Uma "democracia puta"?

Emir Sader

O diário ABC Color, do Paraguai, publicou um editorial de primeira página, no dia 7 de outubro, com esse grosseiro título: “Uma democracia puta”.

Não se referia à ditadura do Partido Colorado, que há sete décadas controla o poder e perpetua o Paraguai como um dos países mais pobres do continente. Nem à reconversão dessa ditadura para uma forma “democrática” dessa ditadura, que fez com que a viúva do ex-ditador Alfredo Stroessner comentasse, singelamente: “Só falta o Alfredo”.

Não.

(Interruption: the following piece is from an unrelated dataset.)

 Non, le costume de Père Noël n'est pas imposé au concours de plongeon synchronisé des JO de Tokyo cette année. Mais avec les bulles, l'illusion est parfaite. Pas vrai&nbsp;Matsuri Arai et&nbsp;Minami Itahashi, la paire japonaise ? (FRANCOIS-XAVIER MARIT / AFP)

Referia-se à Venezuela, um regime que teve seu presidente eleito e reeleito várias vezes, submetido à confirmação do voto popular no meio do seu mandato, com um mecanismo de controle dos eleitores sobre os eleitos, que nenhum outro país do continente possui.

O ABC Color é o principal jornal do Paraguai. Não é necessário um exercício de memória muito grande para imaginar sua convivência com a ditadura do partido-Estado Colorado. Agora dizem que apóia a Lino Oviedo, recém libertado para tentar bloquear a possibilidade de vitória de Fernando Lugo, derrotando pela primeira vez ao Partido Colorado. O candidato de preferência do jornal foi condenado em três processos, um deles por participação na morte do ex-vice presidente Luis Argaña, outro deles por tentativa de golpe militar.

Esse jornal se atreve a julgar o caráter democrático do regime venezuelano, para tentar bloquear o ingresso da Venezuela no Mercosul. “Se nossos presidentes do Mercosul, mesmo sabendo qual é sua obrigação histórica com a defesa dos princípios e dos valores políticos que iluminam nossos povos, são capazes de se vender ou de ligar-se mediante uma relação adúltera com um ditador megalômano surgido das catacumbas de um passado sinistro, teremos que convir que nossas democracias se vendem como autênticas putas” – diz o editorial do jornal paraguaio.

Antes desse final, o jornal fez um apelo aos parlamentares do Paraguai e do Brasil, para que impeçam o ingresso da Venezuela ao Mercosul – porque disso se trata, essa é a operação política que a direita do continente trata de armar. São os aliados paraguaios dos parlamentares da direita brasileira que igualmente se opõem à entrada da Venezuela no Mercosul.

Até julho de 2006, o Mercosul se limitava aos conflitos comerciais entre as grandes corporações privadas da Argentina e do Brasil, na disputa de mercados, relegando o Uruguai e o Paraguai a coadjuvantes sem importância. A participação da Venezuela e da Bolívia, posteriormente do Equador e a aproximação de Cuba, permitem romper esse crculo vicioso.

Acontece que todos aqueles que continuam identificados com os interesses dos EUA, do chamado “livre comércio”, que se opõem à consolidação e à extensão da integração latino-americana, buscam deter a entrada da Venezuela, com todo o dinamismo e a ampliação de temas que a incorporação do governo de Hugo Chavez representa. Se opoem ao gasoduto continental, se opõem ao Banco do Sul. Se opõem à autonomia do continente diante da hegemonia imperial dos EUA.

São esses os que tentam atrasar a integração continental, representando os interesses do império na região. No Paraguai, como no Brasil, são esses os que resistem ao Mercosul, à integração regional, como agentes do “livre comércio”, do FMI, da OMC e do Banco Mundial. Para isso não poupam nem esforços, nem vocabulário grosseiro. São resquícios de um passado que, embora resistindo – como o Partido Colorado – tem seus dias contados.